For this iterator to work, the store function you use to store results from the alias must also be a load function. Pig attempts to use the same class to load the results as was used to store it. The default PigStorage works well for this.

Running Multiple Bindings

If you bound your Pig object to a list of maps of parameters, rather than call runSingle, you should call run. This will cause Pig to start a thread for each binding and run it. All these jobs will be submitted to Hadoop at the same time, making use of Hadoop’s parallelism. run returns a list of PigStats objects. The PigStats objects are guaranteed to be in the same order in the list as in the maps of bound variables passed to bind. Thus the results of the first binding map are in the first position of the PigStats list, etc.

Utility Methods

In addition to the compile, bind, and run methods presented so far, there are also utility methods provided by Pig and BoundScript.

Filesystem operations can be done by calling the static method Pig.fs. The string passed to it should be a valid string for use in the Grunt shell (see Chapter 3). The return code from running the shell command will be returned.

You can use register, define, and set in your compiled Pig Latin statements as you do in nonembedded Pig Latin. However, you might wish to register a JAR, define a function alias, or set a value that you want to be effective through all your Pig Latin code blocks.

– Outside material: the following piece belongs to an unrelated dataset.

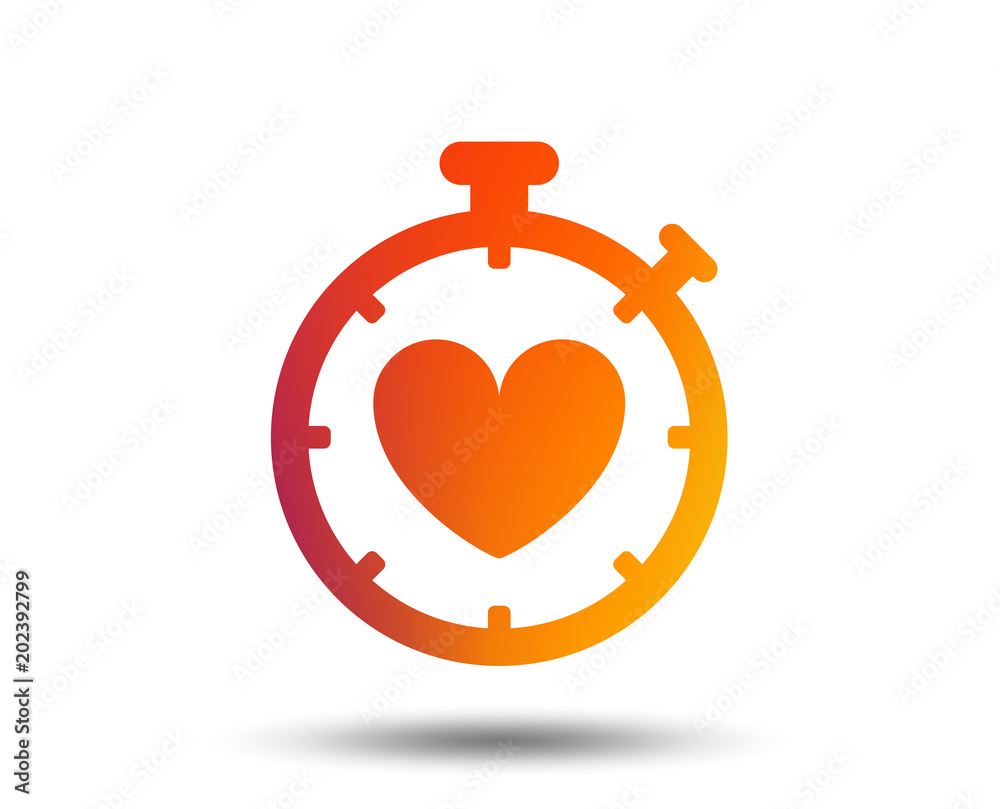 Obraz premium Heart Timer sign icon. Stopwatch symbol. Heartbeat palpitation. Blurred gradient design element. Vivid graphic flat icon. Vector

In these cases you can use the static methods of Pig described in Table 9-2. The registers, defines, and sets done by these methods will affect all Pig Latin code compiled after they are called:

# register etc. will not affect this block.
p1 = Pig.compile("...")

Pig.registerJar("acme.jar")
Pig.registerUDF("acme_python.py", "acme")
Pig.define("d_to_e", "com.acme.financial.CurrencyConverter('dollar', 'euro'"))
Pig.set("default_parallel", "100")

# register etc. will affect p2 and p3
p2 = Pig.compile("...")
p3 = Pig.compile("...")
Table 9-2. Pig utility methods
Method Arguments Pig Latin equivalent
registerJar(String jarfile) jarfile is the JAR to register. register jarfile;
registerUDF(String udffile, String namespace)

udffile is the UDF file to register.

namespace is the namespace to place the UDF in.

register udffile using jython as namespace;
define(String alias, String definition)

alias is the name of the definition.

definition is the string being aliased.

define alias definition;
set(String variable, String value)

variable is the variable to set.

value is the value to set the variable to.

set variable value;

Once a script has been bound and a BoundScript returned, in addition to running the script you can also call describe, explain, or illustrate. These do exactly what they would if they were in a nonembedded Pig Latin script. However, they do not return the resulting output to your script; instead, it is dumped to the standard out. (These operators are intended for use in debugging rather than for returning data directly to your script.)



[21] In some of the documentation, wiki pages, and issues on JIRA, embedded Pig is referred to as Turing Complete Pig. This was what the project was called when it first started, even though we did not make Pig itself Turing complete.

[22] There is already an experimental version of JavaScript in 0.9.

[23] The example code was graciously provided by Julien Le Dem.